Background / Facts: The patent being challenged here by way of petition to the PTO is a national stage entry of a PCT application. The patentee failed to file the required materials to enter the U.S. national stage prior to the statutorily prescribed 30-month date from priority, and consequently the application was initially deemed abandoned. One month later, the patentee filed and the PTO accepted a petition to revive the application, stating that the delay was “unintentional,” using the form provided by the PTO for revival requests.

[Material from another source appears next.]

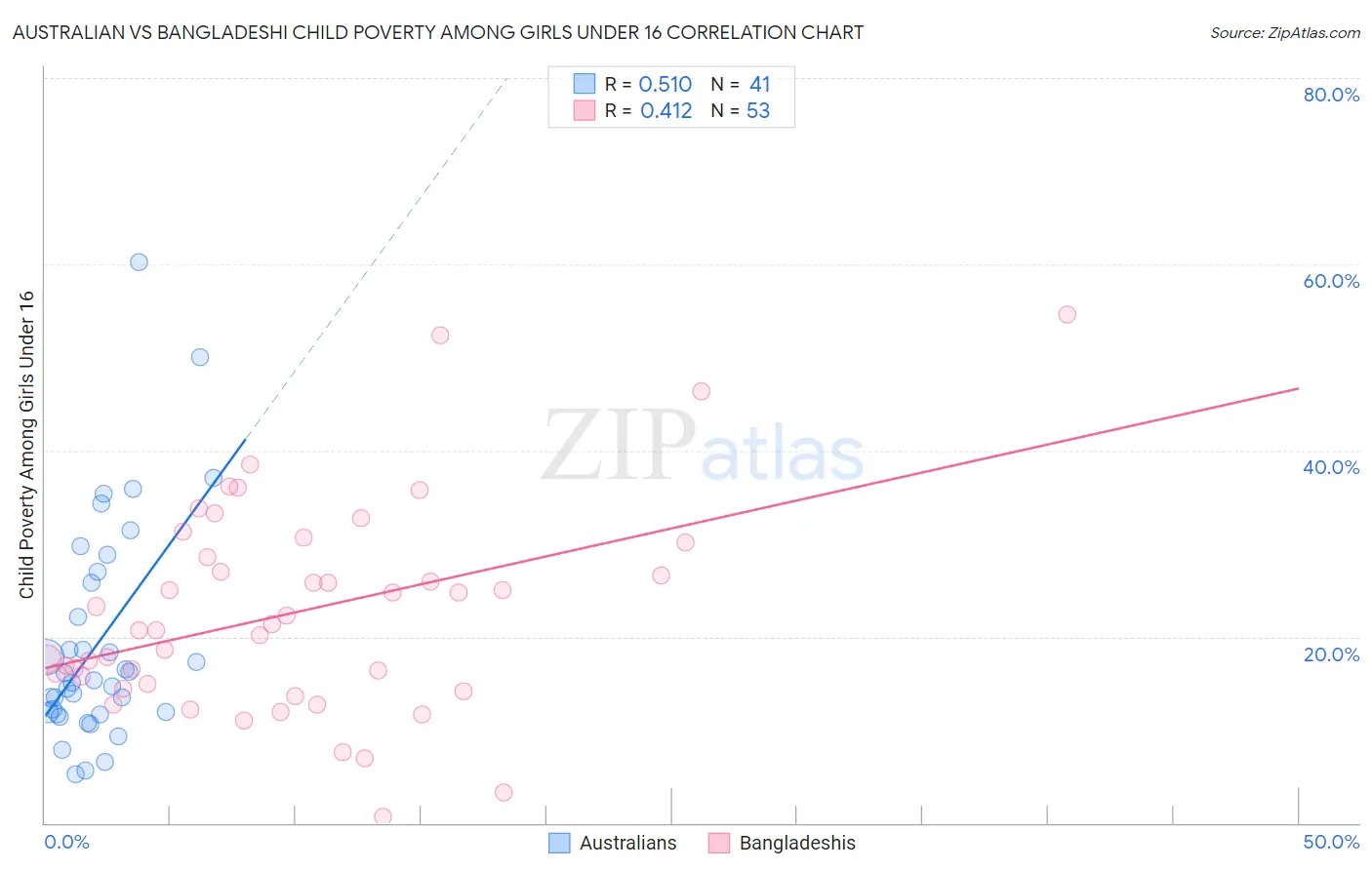 Australian vs Bangladeshi Child Poverty Among Girls Under 16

In response to commencement of infringement litigation against it, the third party challenger here petitioned the PTO to “reconsider and withdraw” its revival of the national stage application and to cancel the issued patent.
Issue(s): Whether a third party has the right to challenge, by way of the Administrative Procedure Act (APA), a ruling of the PTO reviving a patent application that had become abandoned by failure to meet a filing schedule established by the Patent Cooperation Treaty and its implementing statute.
Holding(s): No. “We conclude that Congress did not intend to permit judicial review for challenges such as the one brought here. … The Patent Act’s ‘intricate scheme for administrative and judicial review of PTO patentability determinations,’ and ‘the Patent Act’s careful framework for judicial review at the behest of particular persons through particular procedures’ demonstrate that third party challenge of PTO revival rulings under the APA is not legislatively intended.”